The Lewinsky affair, with the Paula Jones case, has reopened the question of whether partisan politics has clouded the judgements of women's organisations.

Jones's lawyers have accused women's rights advocates of hypocrisy for not joining their client's cause, though they quickly jumped to the rescue of Anita Hill after she publicly accused the then-Supreme Court nominee Clarence Thomas, a conservative, of sexual harassment.

On the other hand some feminists have argued that their reticence is nothing to do with Democrat bias; rather that at the moment the Lewinsky case is nothing more than allegation and counter-allegation and that the benefit of the doubt should go to a president who has proved himself pro- women in his policies.

The National Organisation of Women, one of America's most powerful groups, has felt the need to defend itself: "Our positions on cases involving allegations of sexual harassment against top public officials are not based on partisan politics," it announced on its web pages. "Feminist principles trump practical politics, and we have not pulled any punches - not even against our erstwhile allies. We protested at the White House when President Clinton said he would sign the welfare repeal bill, warning that many of our activists would not work on his re-election if he did."
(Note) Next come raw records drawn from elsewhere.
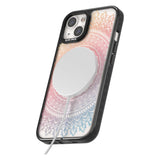 Large Rainbow Mandala Phone Case iPhone 15 Pro Max / Black Impact Case,iPhone 15 Plus / Black Impact Case,iPhone 15 Pro / Black Impact Case,iPhone 15 / Black Impact Case,iPhone 15 Pro Max / Impact Case,iPhone 15 Plus / Impact Case,iPhone 15 Pro / Impact Case,iPhone 15 / Impact Case,iPhone 15 Pro Max / Magsafe Black Impact Case,iPhone 15 Plus / Magsafe Black Impact Case,iPhone 15 Pro / Magsafe Black Impact Case,iPhone 15 / Magsafe Black Impact Case,iPhone 14 Pro Max / Black Impact Case,iPhone 14 Plus / Black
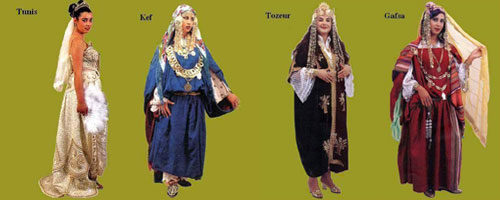 36歳で逝った「チュニジアン・ガール」 アラブの春から9年、続けた告発：朝日新聞GLOBE＋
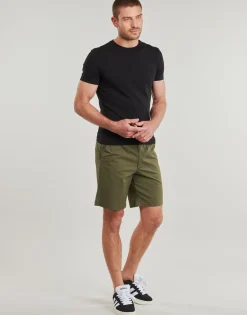 Shorts & Bermudas^Jack & Jones - JPSTJAIDEN Kaki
Not everyone agrees with them. Andrea Dworkin, one of America's most radical and controversial feminists, fired the opening salvo when she suggested that Hillary shoot Bill and Al Gore pardon her: "Au revoir Slick Willy," she wrote. "I don't want him as my president. I think he's toast." Dworkin feels many feminists are disappointed in Clinton privately but are reluctant to say so publicly because of their Democrat support.

Erica Jong disagrees. "What we are seeing is a press frenzy, people writing a lot of opinion pieces with little or almost no facts in them," says the author of Fear of Flying and Fear of Fifty. "Ironically, I think that the American people are far less interested in Clinton's peccadilloes than the press. We've accepted the fact that Clinton, as many presidents have been, is extremely promiscuous. It's not the first time it's happened. It's as if the president has become the national jester, a national side show."

Jong is not alone in feeling this way. Betty Friedan, author of The Feminine Mystique wrote last week that she was "outraged" that Clinton might be brought down by such allegations. "It is no consequence to me what Clinton does in his private life ... All that is important is his public policy."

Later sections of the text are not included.